Here here, said an elderly woman wearing a heavy and tarnished-looking wedding ring. The mourning never really ends. But the church has a very good prayer group, a support group for this type of-
I’m not going to disappear, Charice said. I won’t bail on the family, I don’t find grief distasteful.
Like you could help, the uncle on the left said. Crumbs flew from his mouth, and his voice was mushy and wet. What are you to them?
I can’t say, Charice said.
Bullshit. How do you know my nephew, lady?
It would violate my professional ethics to tell you, she lied. I knew Chris as a client, is all I can say.
The uncle on the left licked his lips slowly, scanning Charice head to toe. He said, like a lawyer?
No, don’t be stupid, a woman standing in the doorway said. She means like a shrink.
Charice shrugged. I can’t say.
The other uncle patted her on the shoulder. Tell me one thing then, he said. He rose, and grabbed Charice by the arm. Come with me, here.
They went past the den, through the silent, greasy kitchen, into the dim hallway at the back of the house. A pale pink nightlight and the glow of a bulb in the bathroom was all that illuminated the passage. The uncle stood across from Charice, suddenly looking very bleary. This uncle was stocky, but wide of shoulder and fair like the boy’s immediate family. He was heavier set than the boy’s parents and brother, though, more puffed out in the face. His face was inches from Charice’s, smelling of pepperoni. She was unsure if she was about to be slapped or caressed.
Was he happy? The uncle said. When you talked to him last, was he happy?
Charice’s stomach hit the floor and burst like a dropped balloon. Oh yes, she said. He was so excited to be going back to school. He had so much hope.
This was all a gamble, she didn’t know for sure he’d been planning for school, but it seemed plausible. The uncle was near crying. He wrapped Charice in his bearlike forearms, and his skin was warm yet clammy. Charice decided to pat him lovingly on the back. Oh he was a very bright young man, she said.
The uncle was able to set Charice up with the dead boy’s parents. He told them that Charice had been a private confidant to their son, some kind of counselor, and probably knew a great deal about the boy’s last days, his mood and mental state. They’d tracked her down and requested a series of meetings.
She’d never had an audience with immediate survivors before. She wanted to know everything about their lives, their grief. Did they still see the boy wandering through the house out of the corner of their eyes? Were his personal effects like magic relics to them now?
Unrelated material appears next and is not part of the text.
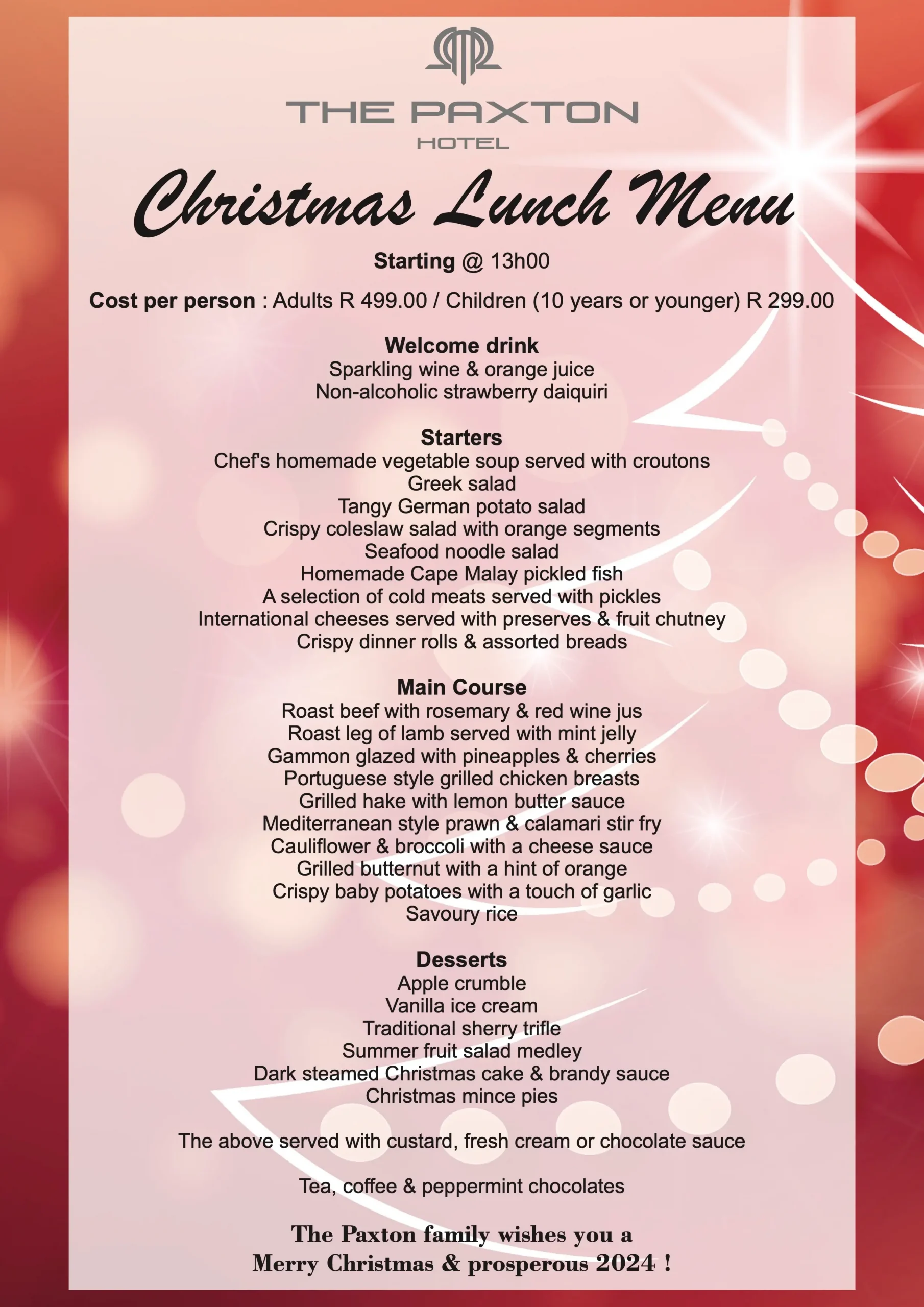 Christmas Lunch Menu 2023 final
Did they expect to ever stop missing him with every fiber of every cell, every day? Did they wish they could stop yearning for him? Would they trade their memories of his supple infancy and spontaneous childhood if it meant never knowing what they’d lost? Did they picture him as an older man, a father, a grandfather? Did some part of them delight in knowing he’d remain young forever? Would they revel in their guilt and mourning forever? How can offspring die without the parents combusting into atoms?
She didn’t get to ask any of those questions. The grief-stricken didn’t like to be a source of information; Rather they wanted answers. So it was all a terrible waste of Charice’s time. She ate lunch with them and made up stories about their son. Fake discussions, crises, and dreams. She gave them peace with tidy answers. They watched her and absorbed what she had seen of their boy, they took notes and asked to meet again. They emailed her random questions and she obliged them. They drained her dry and she gave suck, delivering cloyingly milky succor until they were finally satisfied.
Charice sat in the bushes by the children’s section of the cemetery. She watched parents and siblings leave meaningless trinkets at the resting places of beings long gone. Winter came and blew icy winds into her vigils, chilling her bones, so she stopped. Unwatched, unwitnessed, the mourning parents still came with offerings of balloons and old toys.